_Problem description_.
The records that follow are to be repeated exactly, without any pictures.

:: Data provided ::

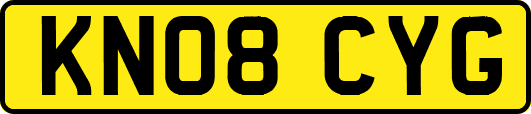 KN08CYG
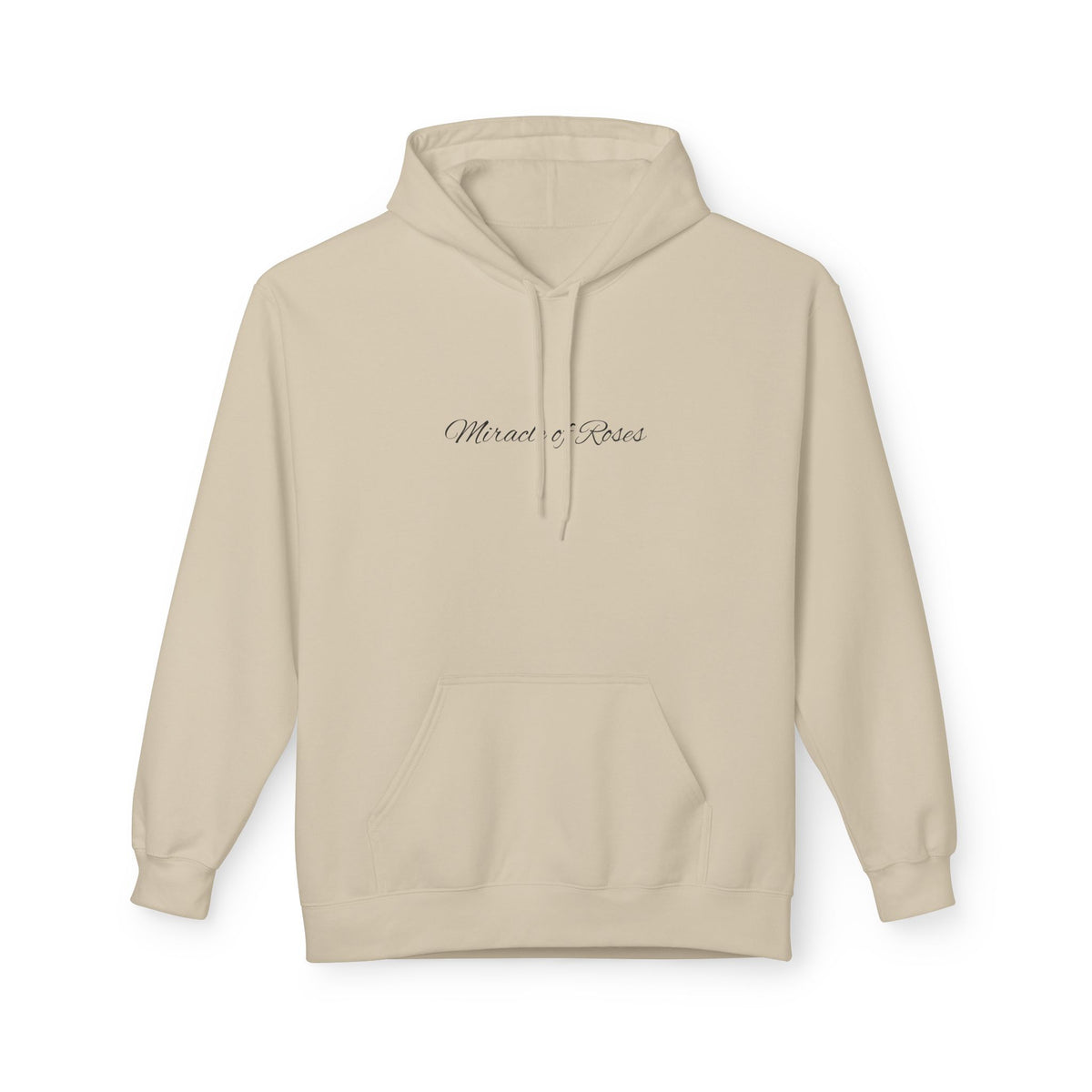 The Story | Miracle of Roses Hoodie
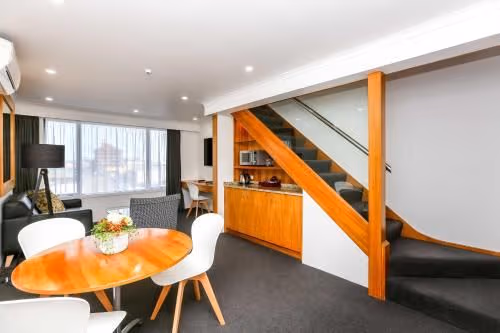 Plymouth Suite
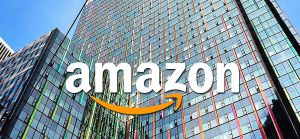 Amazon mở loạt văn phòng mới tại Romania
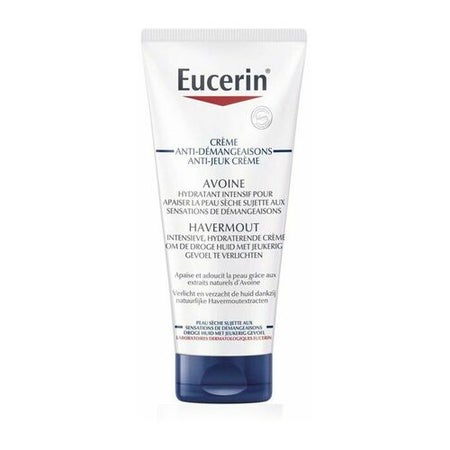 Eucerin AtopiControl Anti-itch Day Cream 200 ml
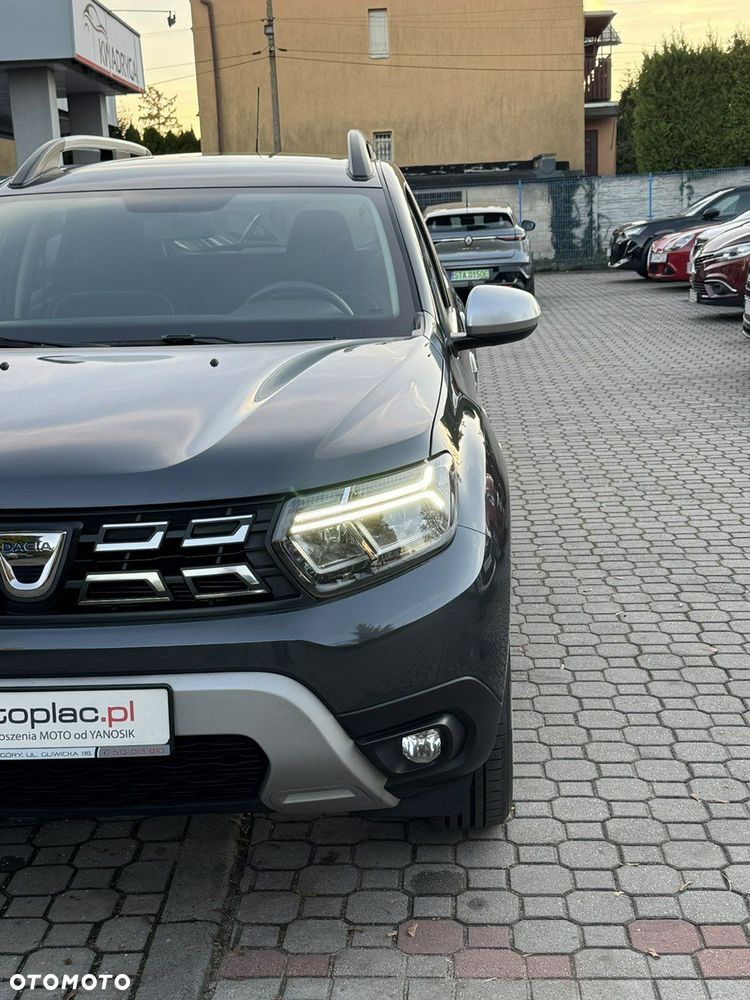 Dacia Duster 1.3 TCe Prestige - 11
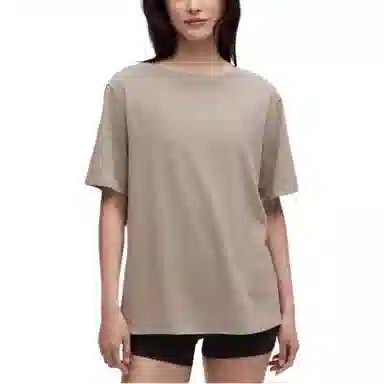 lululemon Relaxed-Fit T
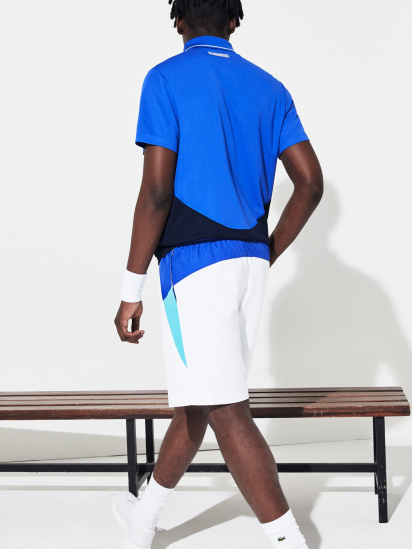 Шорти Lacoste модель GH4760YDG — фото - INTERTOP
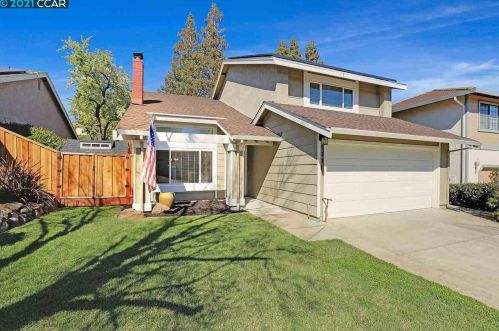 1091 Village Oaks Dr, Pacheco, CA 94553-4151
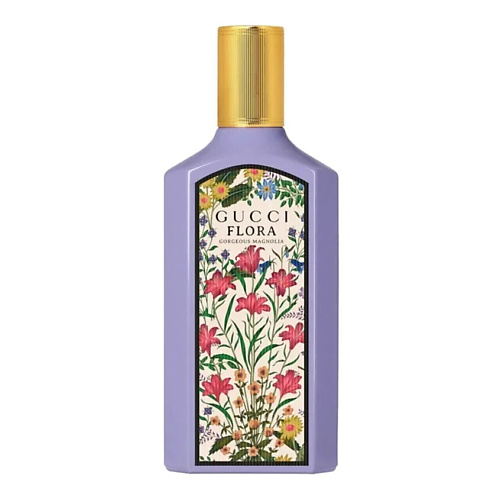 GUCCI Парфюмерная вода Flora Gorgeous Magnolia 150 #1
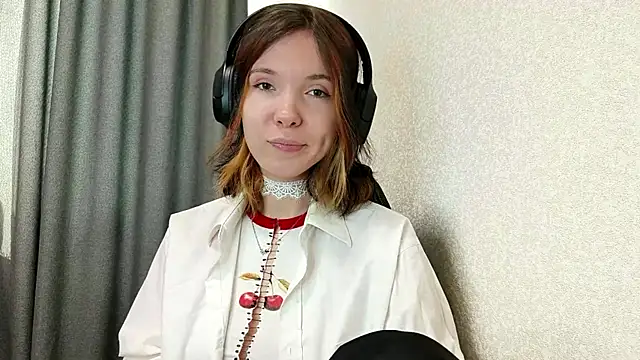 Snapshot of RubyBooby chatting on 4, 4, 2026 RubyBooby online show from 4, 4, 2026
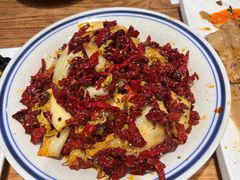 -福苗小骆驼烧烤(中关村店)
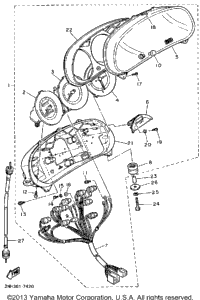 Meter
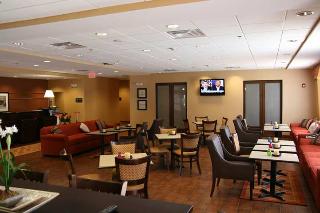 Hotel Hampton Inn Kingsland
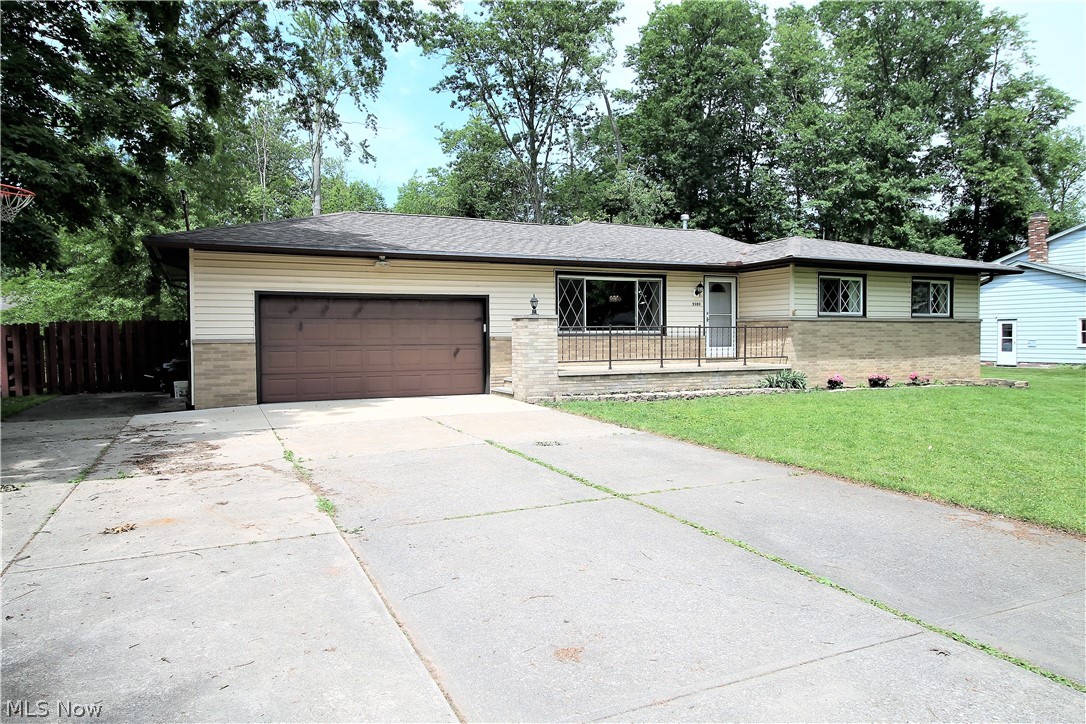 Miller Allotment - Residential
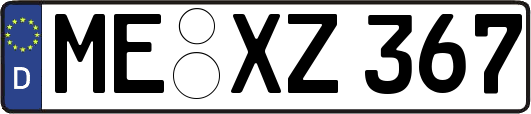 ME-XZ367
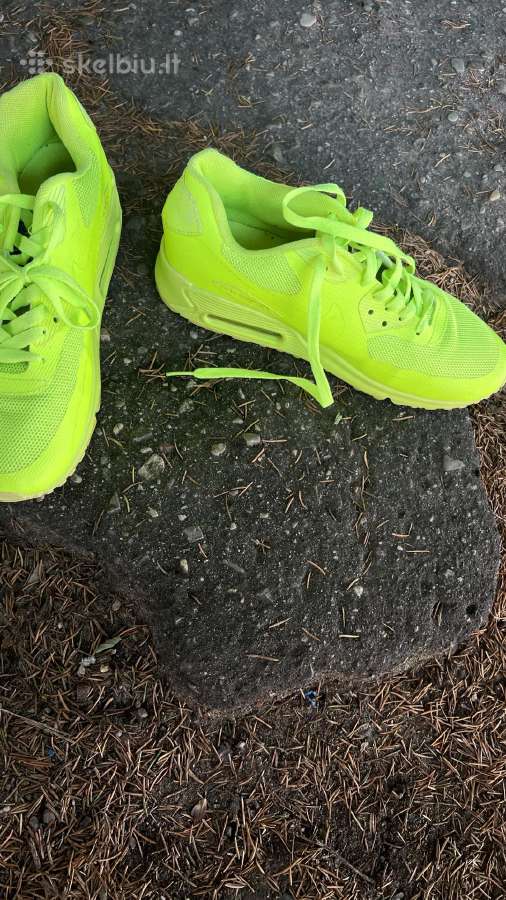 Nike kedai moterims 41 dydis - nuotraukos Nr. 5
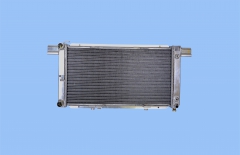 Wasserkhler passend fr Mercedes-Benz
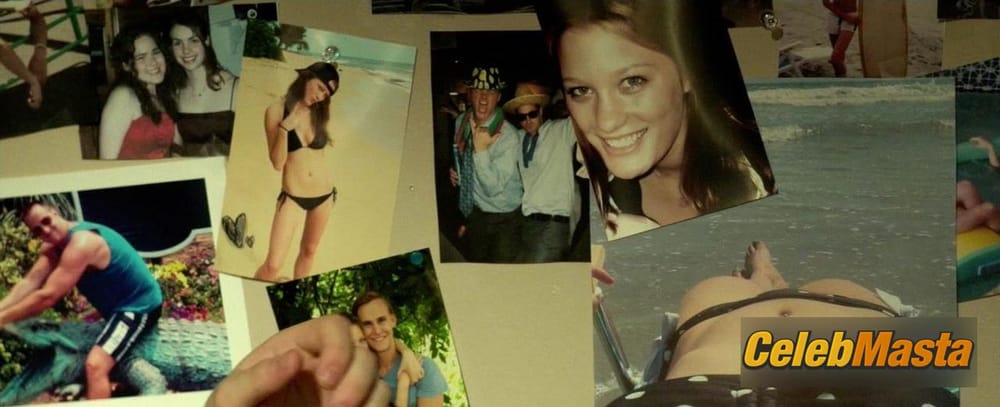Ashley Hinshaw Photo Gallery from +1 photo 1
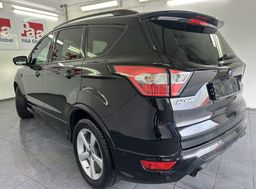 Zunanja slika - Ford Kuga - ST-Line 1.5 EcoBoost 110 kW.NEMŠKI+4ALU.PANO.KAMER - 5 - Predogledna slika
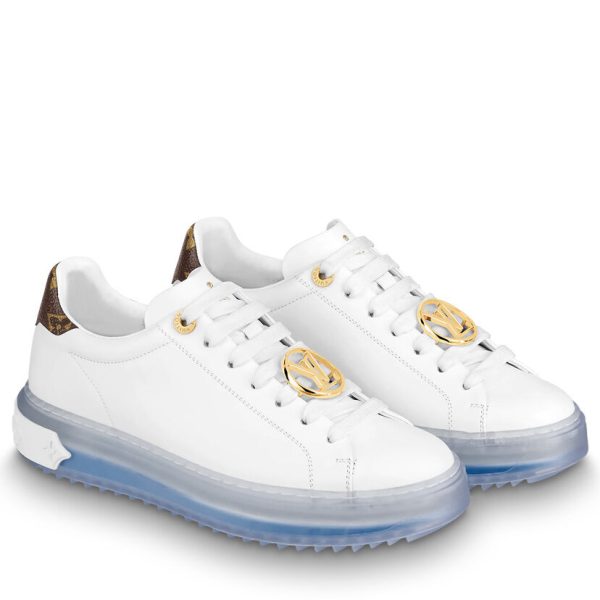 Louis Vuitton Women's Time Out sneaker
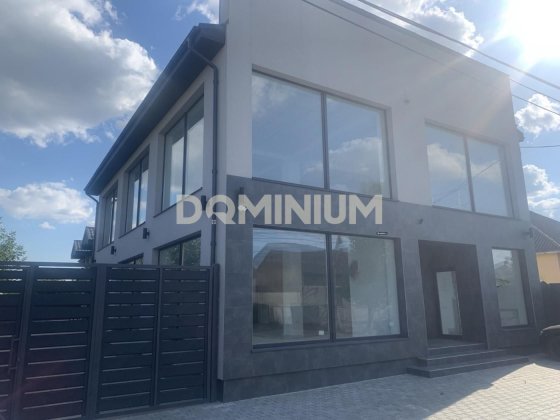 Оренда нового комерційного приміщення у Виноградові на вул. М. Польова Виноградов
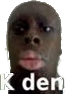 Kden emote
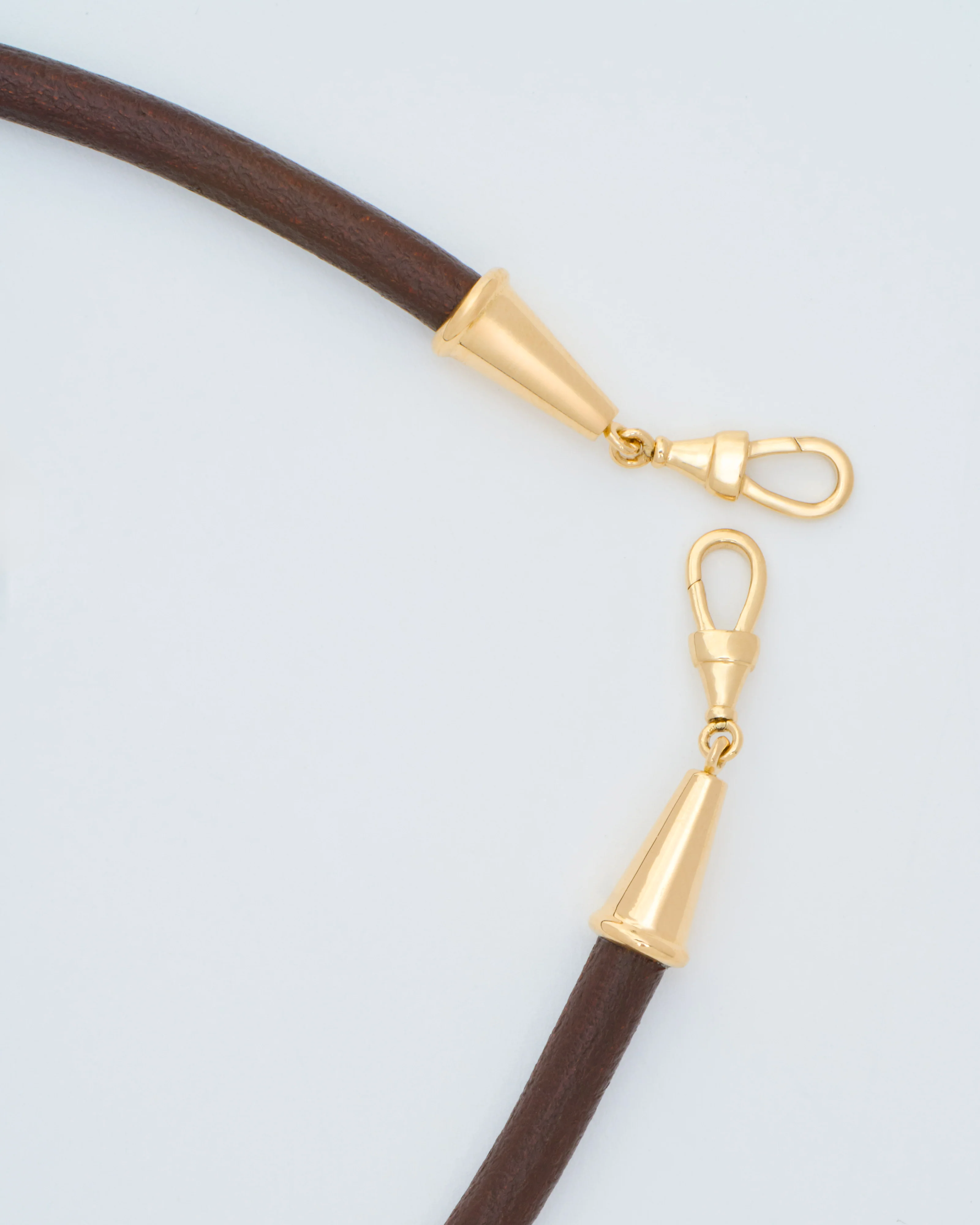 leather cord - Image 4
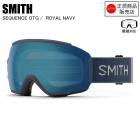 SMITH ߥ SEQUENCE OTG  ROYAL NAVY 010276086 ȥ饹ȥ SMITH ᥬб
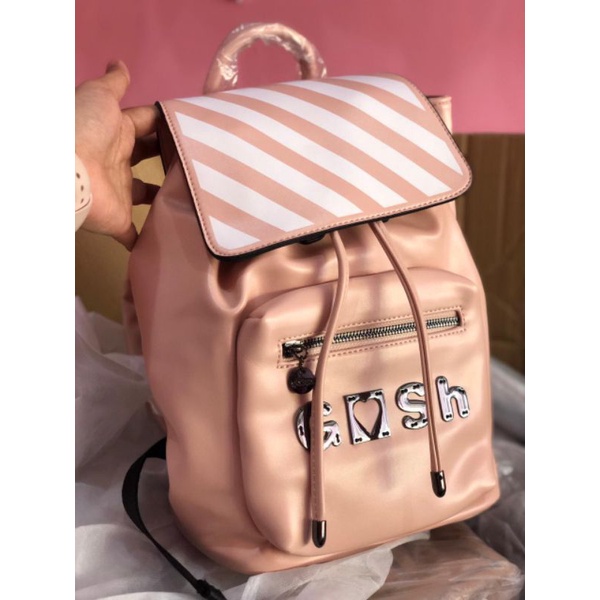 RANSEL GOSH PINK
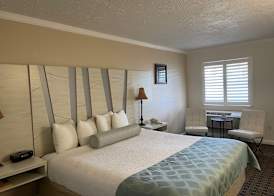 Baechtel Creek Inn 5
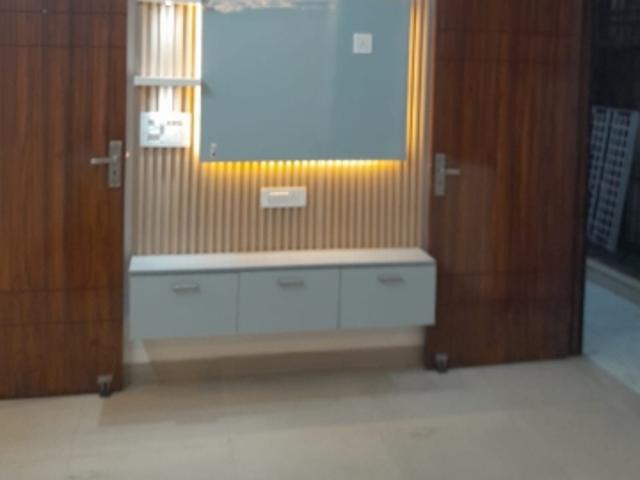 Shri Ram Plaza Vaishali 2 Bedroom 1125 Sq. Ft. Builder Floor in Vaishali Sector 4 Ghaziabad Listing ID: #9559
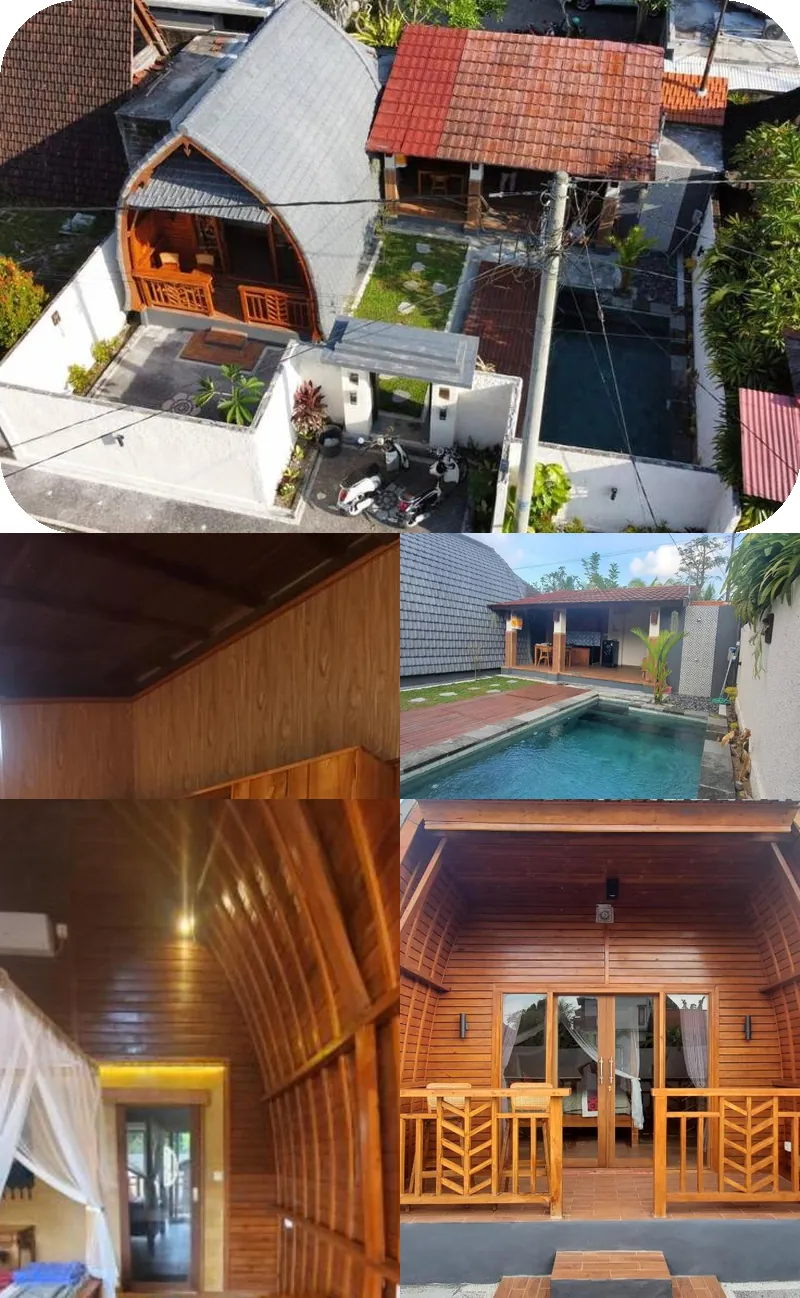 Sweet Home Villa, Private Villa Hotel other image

:::

_Written response_.
 KN08CYG
 The Story | Miracle of Roses Hoodie
 Plymouth Suite
 Amazon mở loạt văn phòng mới tại Romania
 Eucerin AtopiControl Anti-itch Day Cream 200 ml
 Dacia Duster 1.3 TCe Prestige - 11
 lululemon Relaxed-Fit T
 Шорти Lacoste модель GH4760YDG — фото - INTERTOP
 1091 Village Oaks Dr, Pacheco, CA 94553-4151
 GUCCI Парфюмерная вода Flora Gorgeous Magnolia 150 #1
 Snapshot of RubyBooby chatting on 4, 4, 2026 RubyBooby online show from 4, 4, 2026
 -福苗小骆驼烧烤(中关村店)
 Meter
 Hotel Hampton Inn Kingsland
 Miller Allotment - Residential
 ME-XZ367
 Nike kedai moterims 41 dydis - nuotraukos Nr. 5
 Wasserkhler passend fr Mercedes-Benz
Ashley Hinshaw Photo Gallery from +1 photo 1
 Zunanja slika - Ford Kuga - ST-Line 1.5 EcoBoost 110 kW.NEMŠKI+4ALU.PANO.KAMER - 5 - Predogledna slika
 Louis Vuitton Women's Time Out sneaker
 Оренда нового комерційного приміщення у Виноградові на вул. М. Польова Виноградов
 Kden emote
 leather cord - Image 4
 SMITH ߥ SEQUENCE OTG  ROYAL NAVY 010276086 ȥ饹ȥ SMITH ᥬб
 RANSEL GOSH PINK
 Baechtel Creek Inn 5
 Shri Ram Plaza Vaishali 2 Bedroom 1125 Sq. Ft. Builder Floor in Vaishali Sector 4 Ghaziabad Listing ID: #9559
 Sweet Home Villa, Private Villa Hotel other image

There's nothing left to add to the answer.